In this flow, the Coordinator retrieves the most recent revision of an Organization and passes it along to the Policy Engine to determine whether a given Activity should be allowed to proceed. The Policy Engine determines that, based on the Policies present in the Organization, this Activity should in fact be denied, and thus correctly elicites a DENIED response. In short, things are working as intended (no funny business here!).

Now, let’s demonstrate what a downgrade attack by introducing a malicious Coordinator (i.e. one that is executing compromised code):

Downgrade Attack - No Defense

NOTE: In order to understand the scenario above, it is important to understand Turnkey’s threat model. Specifically: TEEs (like our Policy Engine) are treated as “trusted” components due to their verifiablity, but all other components (like our Coordinator) are treated as “untrusted”. This is why we must consider scenarios like the one above, wherein one of our “untrusted” components becomes compromised, despite the fact that such a scenario would necessitate an attacker with privileged access to our infrastructure. For more information, see the Threat model section of the Turnkey Whitepaper.

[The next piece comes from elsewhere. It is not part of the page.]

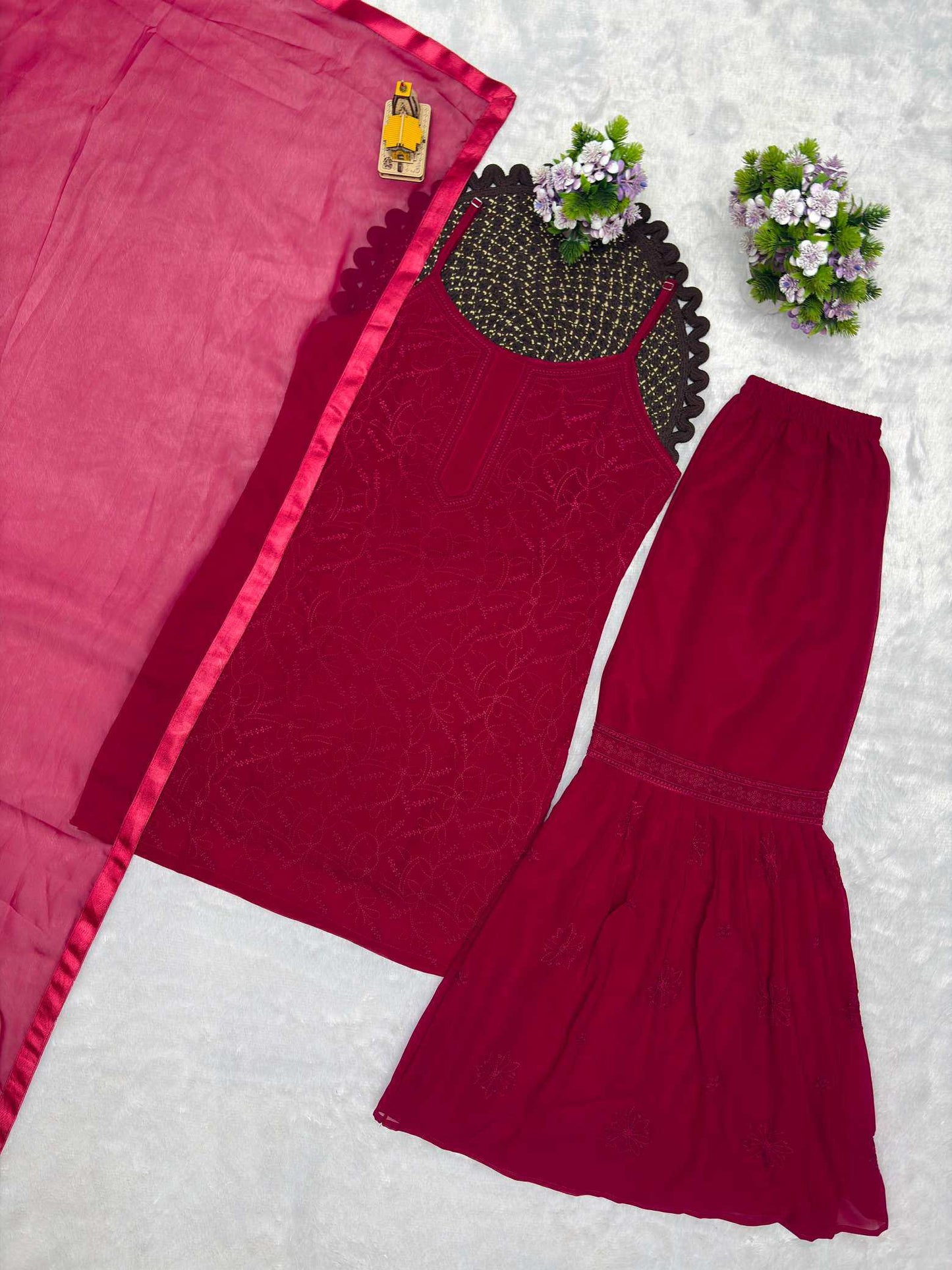 Sharara Salwar Suit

In this scenario, our compromised Coordinator deliberately retrieves an outdated Organization instead of the most recent one, and submits it to the Policy Engine. The Policy Engine determines that, based on the Policies of the old Organization, this Activity should be allowed, and thus an incorrect APPROVED response is returned.

Age-Based Repudiation: Our First Solution

Fortunately, Turnkey was aware of this attack vector from day one, and even the earliest versions of our product have had a robust defense against it. Our initial defense was simple but effective: We’ll have our TEEs enforce a “maximum age” requirement on each and every Organization, and reject any Organization exceeding this age.

Continuing with the policy evaluation flow discussed above, we can clearly see how this would be effective in preventing downgrade attacks:

Downgrade Attack - Max Age Defense

Huzzah! Our Policy Engine correctly flags the old Organization as being “too old”, and thus successfully thwarts an attempted downgrade attack.

But hang on… Let’s imagine now that, a few days later, the following scenario occurs:

No Downgrade Attack - Max Age Defense

*Gasp*: Our Policy Engine has incorrectly flagged the most recent revision of an Organization as being “too old”, despite the fact that it was the right Organization for the job.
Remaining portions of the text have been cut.